▶ **YOUR ASSIGNMENT**: Down to the last line, print the data that follows exactly, without its pictures.

[SOURCE DATA — start]

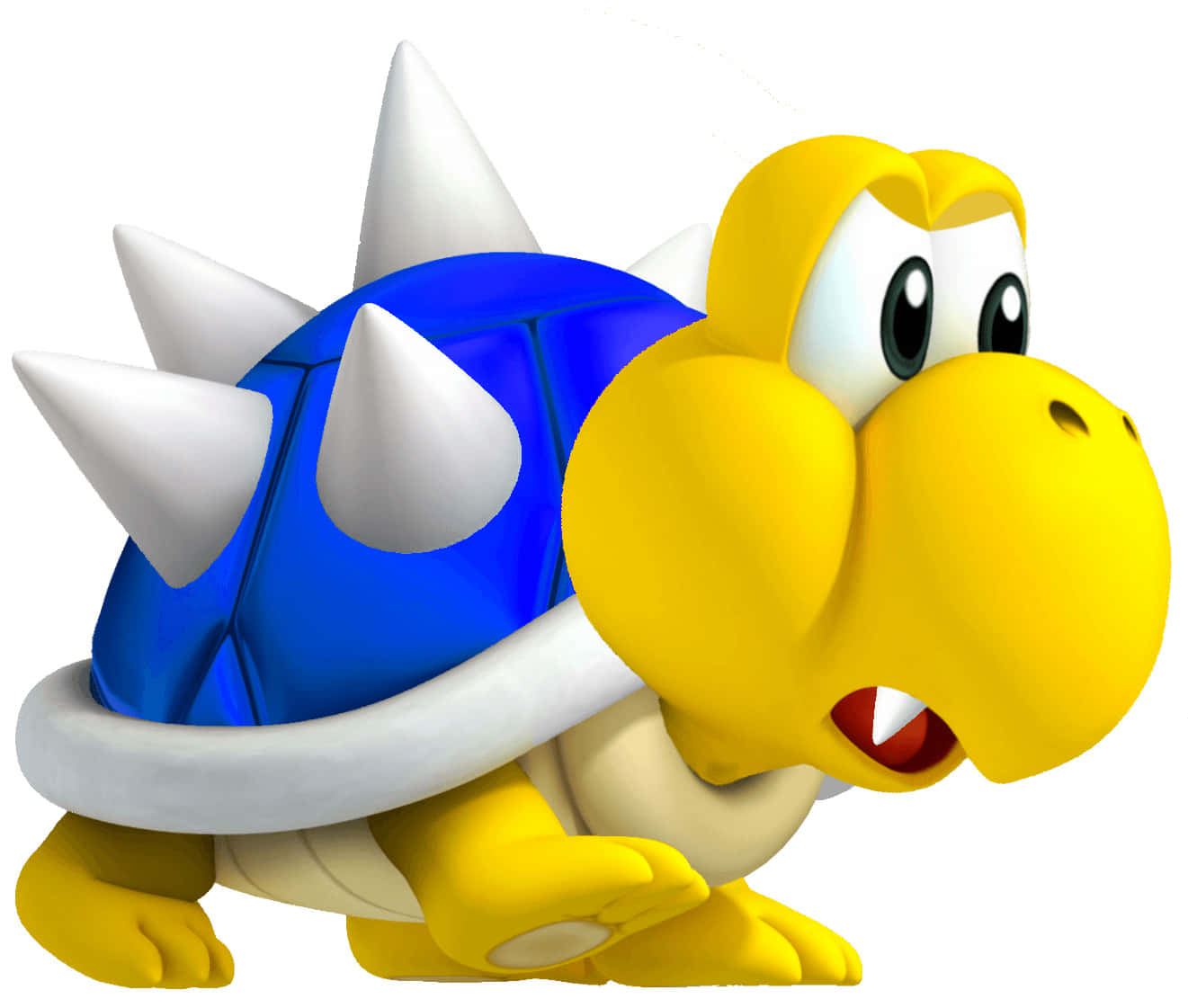 Koopa Troopa standing tall in a vivid and colorful backdrop Wallpaper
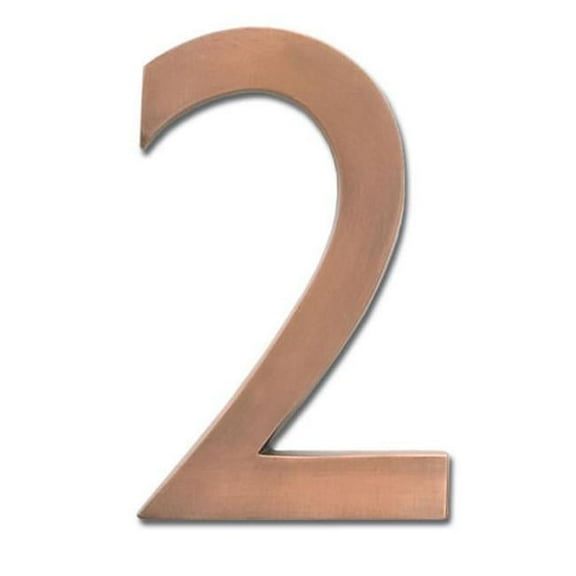 Architectural Mailboxes Solid Cast Brass 5 in. Antique Copper Floating House Number 0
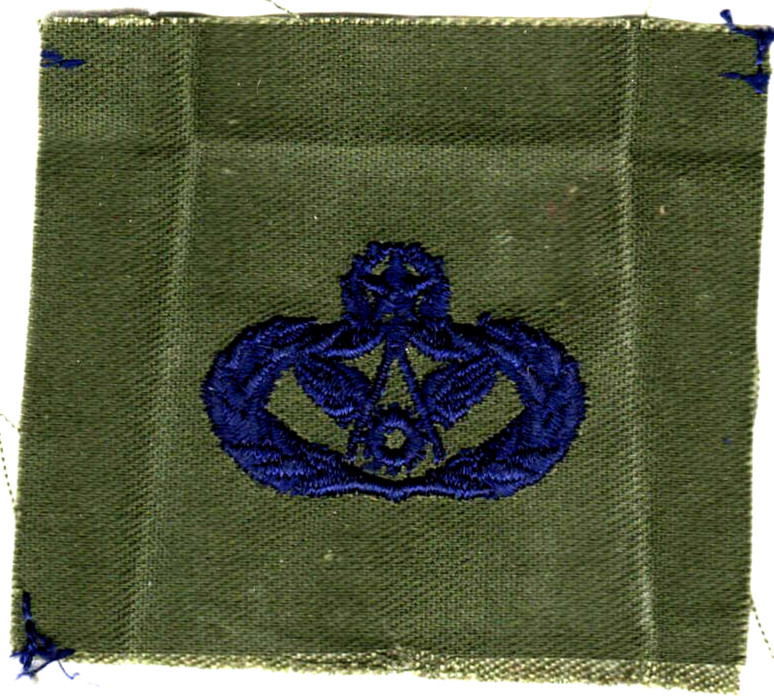 USAF patch (circa 1980s-1990s) Master Civil Engineer Occupational Badge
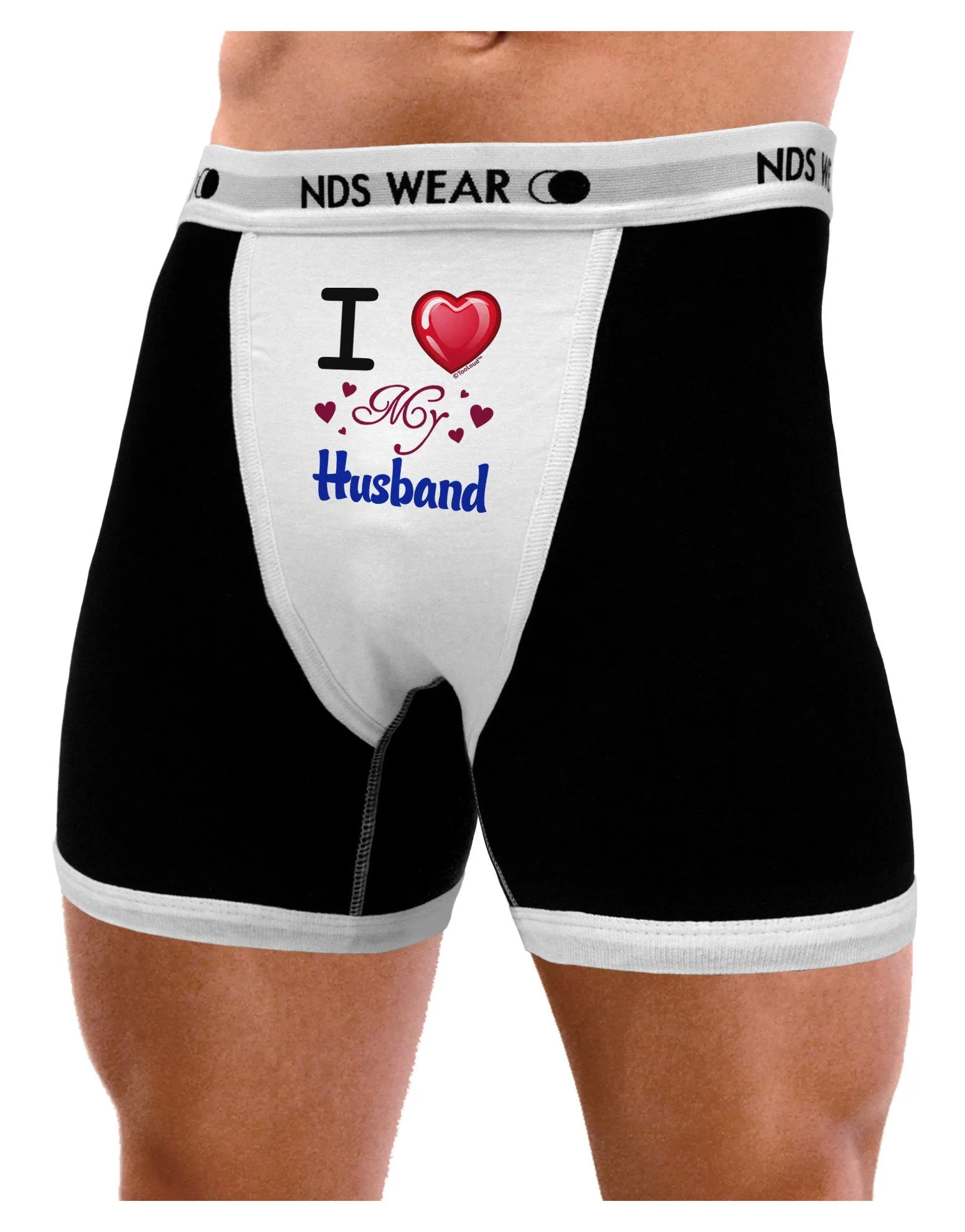 I Love Heart My Husband Mens Boxer Brief Underwear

[SOURCE DATA — finish]

▶ **OUTPUT FOR THIS EXERCISE**:
 Koopa Troopa standing tall in a vivid and colorful backdrop Wallpaper
 Architectural Mailboxes Solid Cast Brass 5 in. Antique Copper Floating House Number 0
 USAF patch (circa 1980s-1990s) Master Civil Engineer Occupational Badge
 I Love Heart My Husband Mens Boxer Brief Underwear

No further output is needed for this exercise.